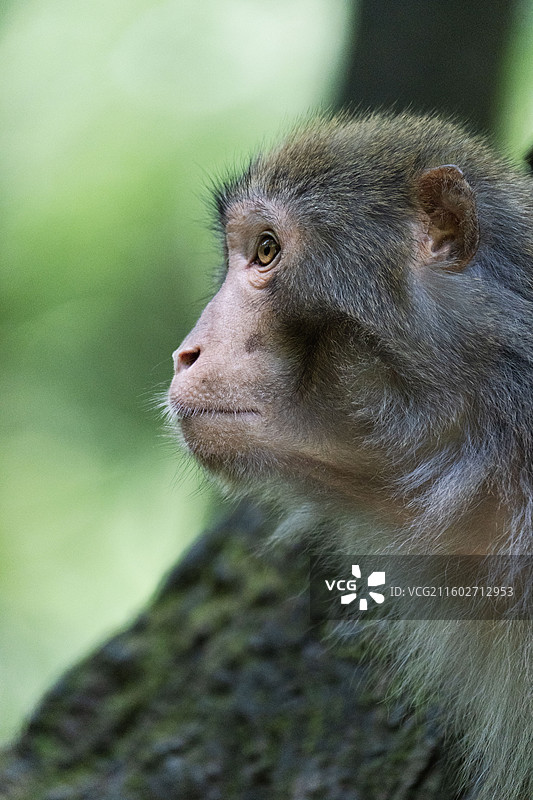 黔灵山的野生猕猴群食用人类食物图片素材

______________________________

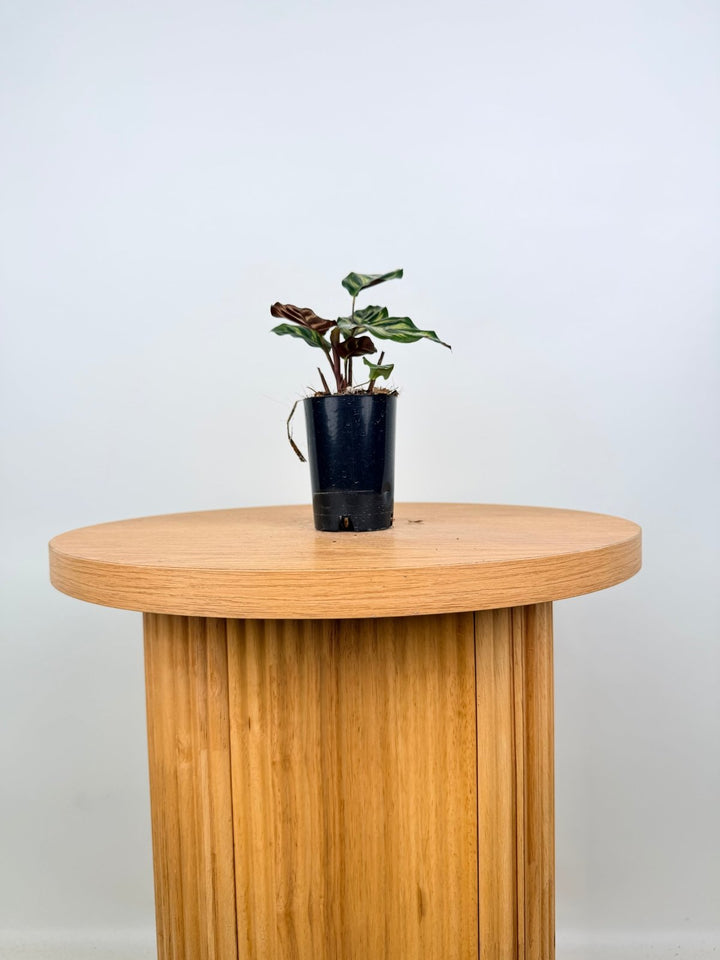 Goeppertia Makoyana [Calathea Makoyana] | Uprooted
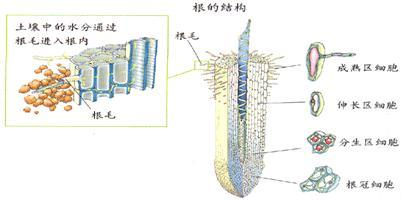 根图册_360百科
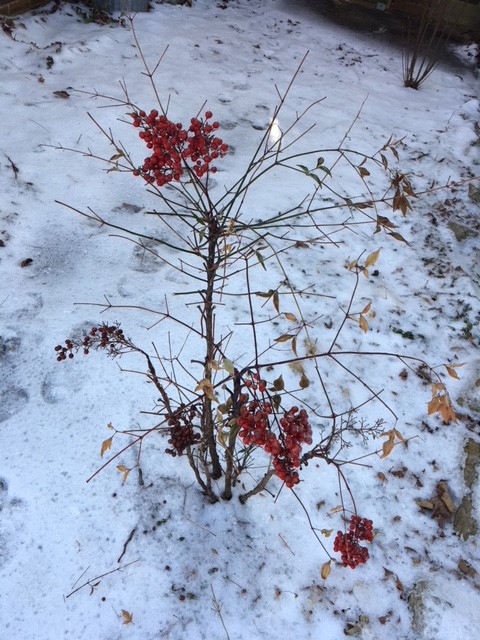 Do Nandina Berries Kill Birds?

______________________________

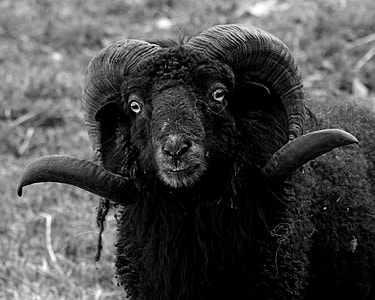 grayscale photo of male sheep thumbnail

______________________________

> _TASK DETAILS_:
Give back exactly the lines above from the one with "Goeppertia Makoyana [Calathea" through the one with "Do Nandina Berries Kill Birds?", both included. Pictures don't belong in the copy.

> _REPLY TO THE TASK_:
 Goeppertia Makoyana [Calathea Makoyana] | Uprooted
 根图册_360百科
 Do Nandina Berries Kill Birds?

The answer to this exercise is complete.